**What you have to do**
Using the records below, count the lines with "Chevrolet" in them. Give the number only.

-- Opening Marker --

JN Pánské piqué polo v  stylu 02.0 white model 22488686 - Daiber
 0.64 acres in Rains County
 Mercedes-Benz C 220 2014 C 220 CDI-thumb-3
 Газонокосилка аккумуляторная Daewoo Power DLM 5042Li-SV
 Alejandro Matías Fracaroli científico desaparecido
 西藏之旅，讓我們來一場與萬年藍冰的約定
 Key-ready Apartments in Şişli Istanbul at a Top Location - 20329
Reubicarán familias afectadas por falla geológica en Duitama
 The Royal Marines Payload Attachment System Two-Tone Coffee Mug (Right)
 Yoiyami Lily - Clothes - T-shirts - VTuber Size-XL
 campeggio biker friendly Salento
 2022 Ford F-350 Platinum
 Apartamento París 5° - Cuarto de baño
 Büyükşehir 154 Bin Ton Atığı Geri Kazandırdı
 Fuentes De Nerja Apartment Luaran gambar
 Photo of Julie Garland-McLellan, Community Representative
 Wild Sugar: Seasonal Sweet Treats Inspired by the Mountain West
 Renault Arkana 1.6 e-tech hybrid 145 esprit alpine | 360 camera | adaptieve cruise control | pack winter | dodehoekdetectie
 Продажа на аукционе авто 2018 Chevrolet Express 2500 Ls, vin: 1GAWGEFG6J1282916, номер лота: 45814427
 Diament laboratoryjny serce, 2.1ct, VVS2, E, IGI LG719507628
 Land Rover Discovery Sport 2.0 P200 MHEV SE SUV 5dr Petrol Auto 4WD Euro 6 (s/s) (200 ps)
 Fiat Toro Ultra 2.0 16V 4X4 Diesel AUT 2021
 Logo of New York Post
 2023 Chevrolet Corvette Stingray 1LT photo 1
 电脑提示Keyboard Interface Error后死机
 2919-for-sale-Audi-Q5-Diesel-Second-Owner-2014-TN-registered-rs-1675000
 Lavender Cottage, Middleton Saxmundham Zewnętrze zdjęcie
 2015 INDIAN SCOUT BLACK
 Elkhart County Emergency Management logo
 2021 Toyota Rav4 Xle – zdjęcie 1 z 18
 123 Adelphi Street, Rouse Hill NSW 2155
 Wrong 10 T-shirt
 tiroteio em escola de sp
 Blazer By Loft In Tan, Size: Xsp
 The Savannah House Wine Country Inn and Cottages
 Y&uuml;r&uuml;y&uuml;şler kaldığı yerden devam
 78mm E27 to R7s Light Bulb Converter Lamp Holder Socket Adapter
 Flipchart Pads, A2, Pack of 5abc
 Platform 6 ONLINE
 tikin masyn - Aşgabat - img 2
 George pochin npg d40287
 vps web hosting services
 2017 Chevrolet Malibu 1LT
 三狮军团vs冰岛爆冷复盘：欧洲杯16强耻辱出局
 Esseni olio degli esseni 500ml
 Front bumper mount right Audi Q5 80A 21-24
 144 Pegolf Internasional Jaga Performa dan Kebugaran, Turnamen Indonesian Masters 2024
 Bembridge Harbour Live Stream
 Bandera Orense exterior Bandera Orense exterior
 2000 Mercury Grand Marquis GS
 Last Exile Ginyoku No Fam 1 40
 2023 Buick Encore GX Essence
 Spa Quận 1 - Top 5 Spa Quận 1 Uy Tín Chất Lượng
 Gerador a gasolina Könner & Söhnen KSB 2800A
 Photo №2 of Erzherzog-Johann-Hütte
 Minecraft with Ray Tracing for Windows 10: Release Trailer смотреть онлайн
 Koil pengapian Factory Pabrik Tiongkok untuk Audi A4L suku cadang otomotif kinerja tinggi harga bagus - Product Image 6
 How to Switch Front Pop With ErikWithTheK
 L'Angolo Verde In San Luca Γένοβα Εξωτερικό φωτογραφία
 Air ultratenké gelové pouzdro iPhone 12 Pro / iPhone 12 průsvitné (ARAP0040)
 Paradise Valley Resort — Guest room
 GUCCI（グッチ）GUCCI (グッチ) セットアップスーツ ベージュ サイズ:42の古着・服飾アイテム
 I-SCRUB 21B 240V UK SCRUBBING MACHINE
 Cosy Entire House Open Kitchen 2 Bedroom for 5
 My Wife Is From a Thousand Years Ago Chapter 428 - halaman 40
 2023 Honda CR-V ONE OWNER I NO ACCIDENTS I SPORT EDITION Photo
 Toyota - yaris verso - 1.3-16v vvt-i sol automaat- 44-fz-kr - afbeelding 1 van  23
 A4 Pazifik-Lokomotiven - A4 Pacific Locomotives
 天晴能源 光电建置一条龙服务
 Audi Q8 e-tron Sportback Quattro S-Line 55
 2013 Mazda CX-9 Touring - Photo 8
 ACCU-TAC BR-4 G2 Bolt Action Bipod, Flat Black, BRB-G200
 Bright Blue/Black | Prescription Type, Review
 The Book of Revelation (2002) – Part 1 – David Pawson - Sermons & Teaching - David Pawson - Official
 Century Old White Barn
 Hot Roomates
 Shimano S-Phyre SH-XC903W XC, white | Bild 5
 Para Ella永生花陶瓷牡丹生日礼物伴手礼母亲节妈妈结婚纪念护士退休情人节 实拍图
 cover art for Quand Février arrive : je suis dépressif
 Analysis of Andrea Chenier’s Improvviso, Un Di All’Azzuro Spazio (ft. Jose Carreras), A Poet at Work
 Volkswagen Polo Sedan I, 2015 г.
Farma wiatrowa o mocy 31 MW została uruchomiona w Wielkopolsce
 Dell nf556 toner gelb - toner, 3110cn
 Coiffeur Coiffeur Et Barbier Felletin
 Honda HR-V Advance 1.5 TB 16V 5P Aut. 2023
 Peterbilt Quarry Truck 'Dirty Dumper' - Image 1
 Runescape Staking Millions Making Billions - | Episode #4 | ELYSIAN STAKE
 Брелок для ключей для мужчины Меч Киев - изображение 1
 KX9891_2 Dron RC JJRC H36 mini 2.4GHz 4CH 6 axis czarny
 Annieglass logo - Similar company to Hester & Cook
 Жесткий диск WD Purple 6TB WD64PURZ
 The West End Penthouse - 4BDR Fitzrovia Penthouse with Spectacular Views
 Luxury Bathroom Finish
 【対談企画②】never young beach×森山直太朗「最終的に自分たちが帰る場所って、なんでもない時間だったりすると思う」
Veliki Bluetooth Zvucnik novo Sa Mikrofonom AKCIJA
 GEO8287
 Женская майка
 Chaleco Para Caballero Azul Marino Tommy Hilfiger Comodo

-- Closing Marker --

**Result of the exercise**
3